_About this task_: Using the listing below, print exactly everything from the line with "Chinese star anise seed isolated" down to the line with "грибы GOLDEN TEACHER", both included, and nothing more.

_Dataset entries_:
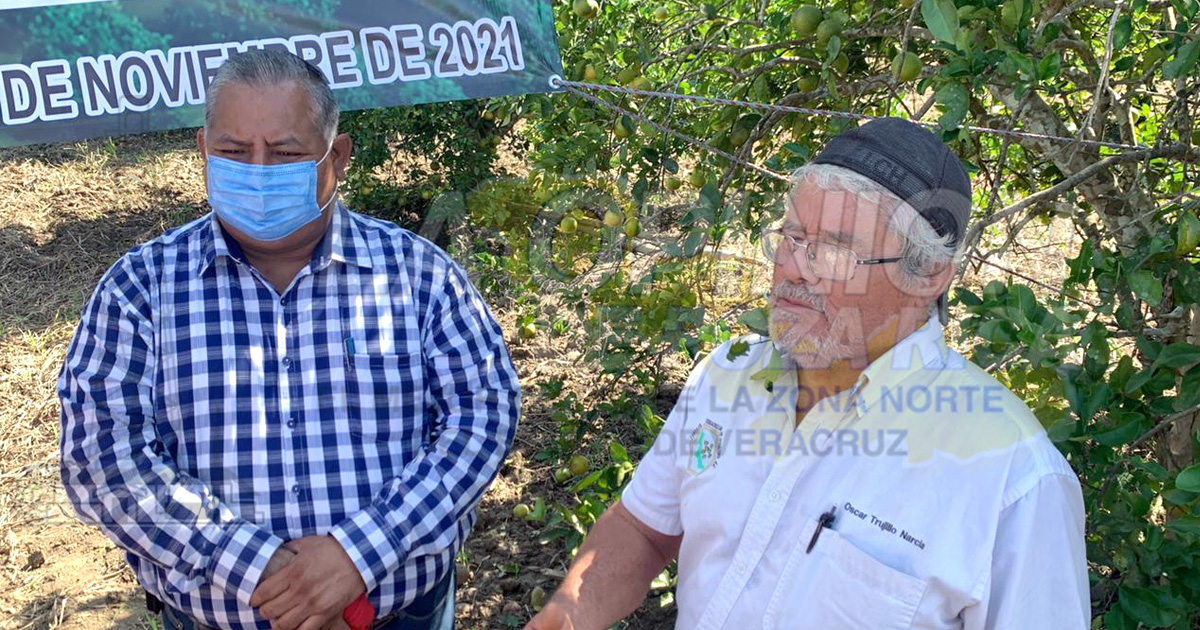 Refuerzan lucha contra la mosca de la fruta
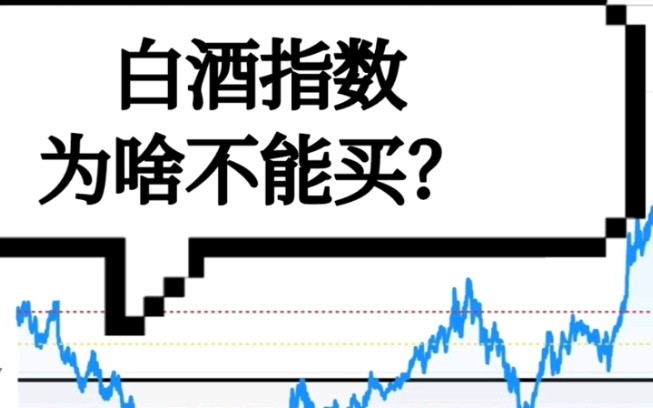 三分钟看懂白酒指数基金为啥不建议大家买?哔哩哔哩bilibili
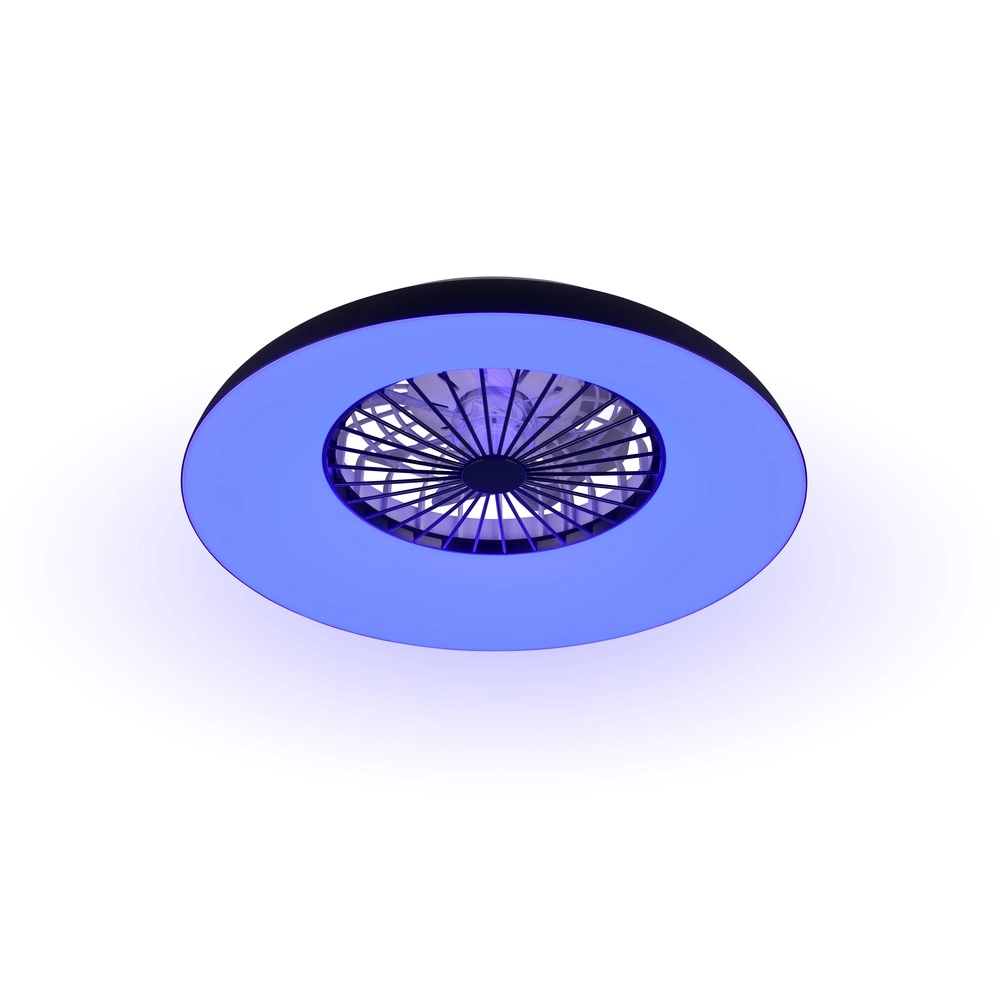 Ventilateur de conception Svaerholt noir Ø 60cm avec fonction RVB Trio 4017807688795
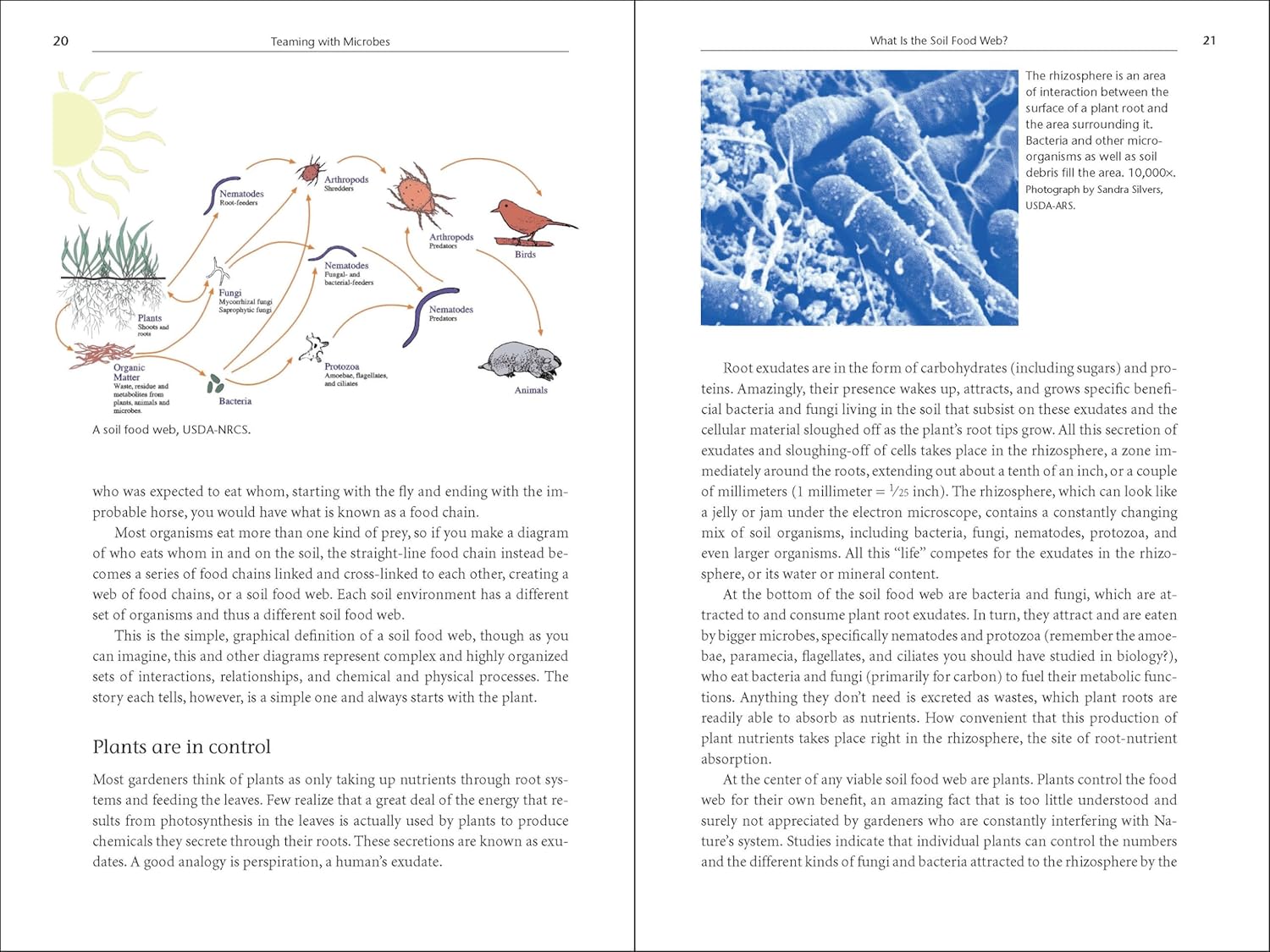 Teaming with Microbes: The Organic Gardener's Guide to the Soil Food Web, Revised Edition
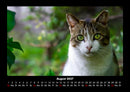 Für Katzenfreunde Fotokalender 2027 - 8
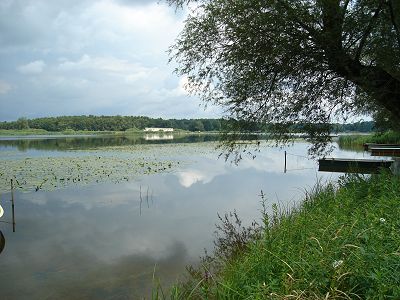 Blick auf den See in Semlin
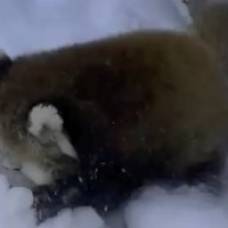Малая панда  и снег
==
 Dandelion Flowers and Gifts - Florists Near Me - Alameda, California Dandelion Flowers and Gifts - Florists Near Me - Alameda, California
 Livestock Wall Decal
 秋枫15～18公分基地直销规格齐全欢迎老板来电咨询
...
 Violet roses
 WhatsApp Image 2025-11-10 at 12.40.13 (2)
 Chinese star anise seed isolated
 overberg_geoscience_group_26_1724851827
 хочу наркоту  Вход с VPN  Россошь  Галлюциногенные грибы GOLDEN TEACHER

_Answer for this exercise_:
 Chinese star anise seed isolated
 overberg_geoscience_group_26_1724851827
 хочу наркоту  Вход с VPN  Россошь  Галлюциногенные грибы GOLDEN TEACHER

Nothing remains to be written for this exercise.